╔══

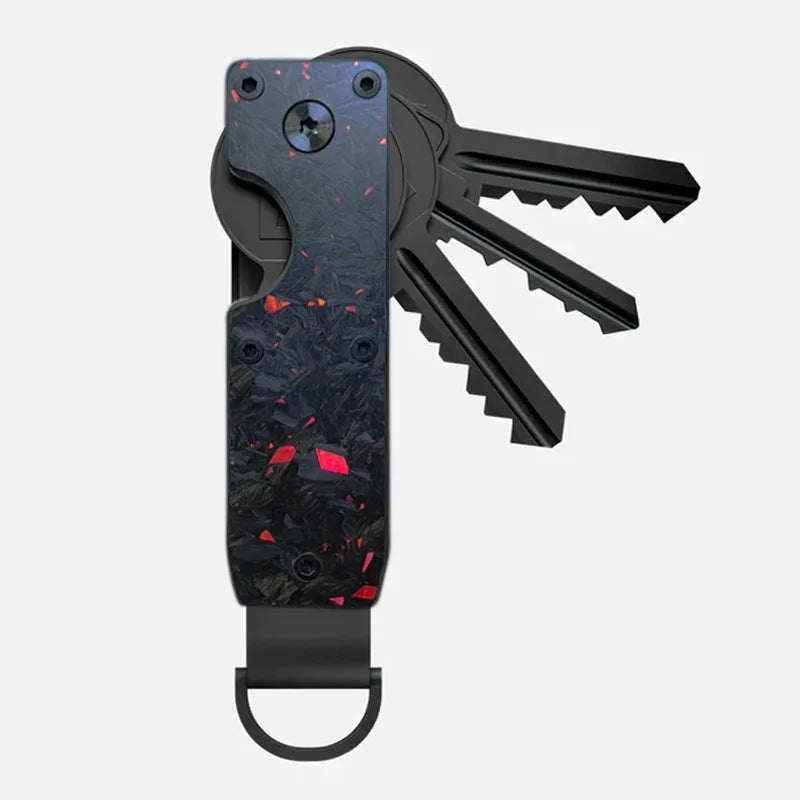 KeyMate™ Sleek Key Storage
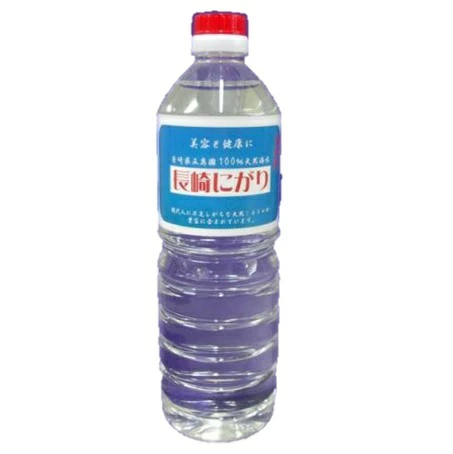 長崎にがり 1000ml ぶんぶく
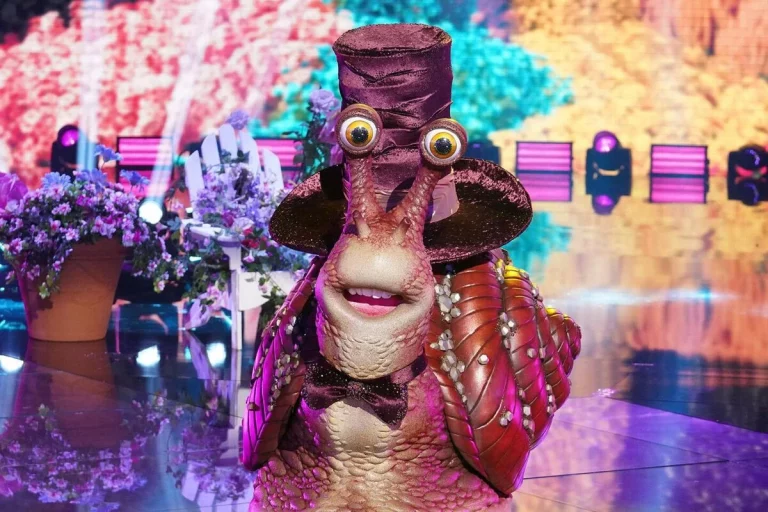 El día que Mask Singer desenmascaró a la rana Gustavo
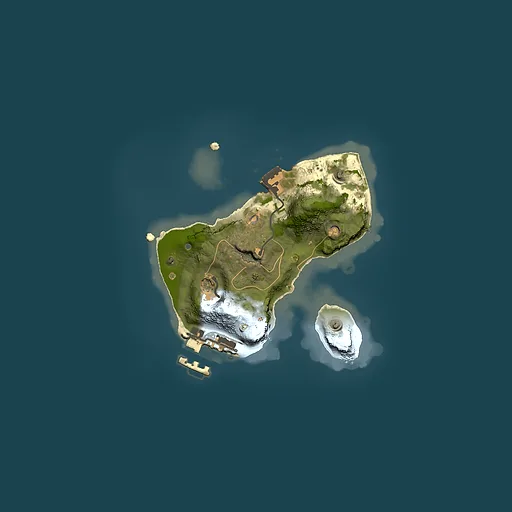 Rust map seed 55512347, 1500x1500m top-down preview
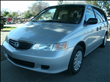 2003 Honda Odyssey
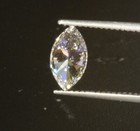 GIA loose certified 1.09ct VS1 E Marquise cut diamond vintage estate Natural — photo 6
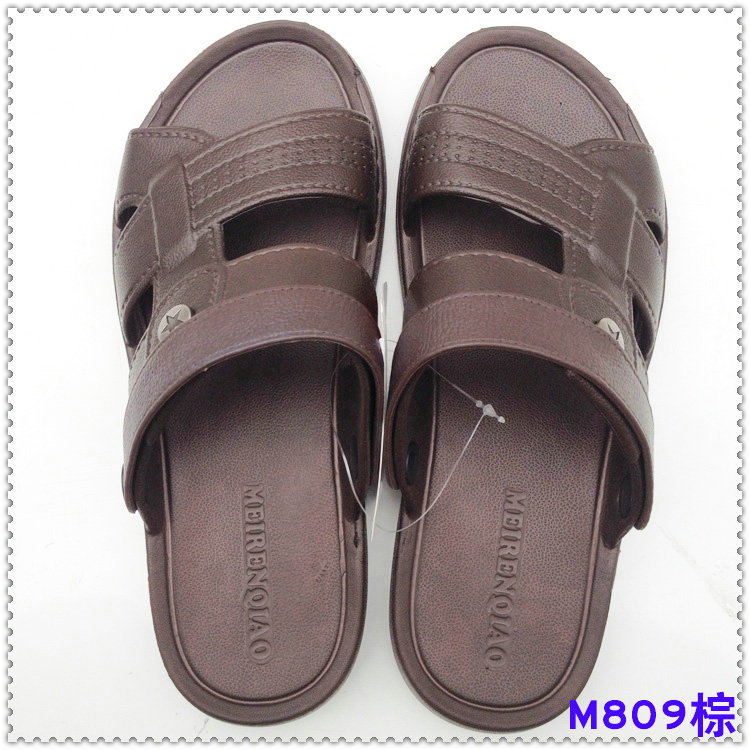 Giày cầu mùa hè Dép đi biển Giày dép đi biển sử dụng kép shop giày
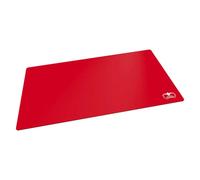 Ultimate Guard Play-Mat Monochrome Red 61 x 35cm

╚══

* [Activity] An exact copy of every record above is required, with all pictures omitted.

* [Solution to this task]
 KeyMate™ Sleek Key Storage
 長崎にがり 1000ml ぶんぶく
 El día que Mask Singer desenmascaró a la rana Gustavo
 Rust map seed 55512347, 1500x1500m top-down preview
 2003 Honda Odyssey
 GIA loose certified 1.09ct VS1 E Marquise cut diamond vintage estate Natural — photo 6
 Giày cầu mùa hè Dép đi biển Giày dép đi biển sử dụng kép shop giày
 Ultimate Guard Play-Mat Monochrome Red 61 x 35cm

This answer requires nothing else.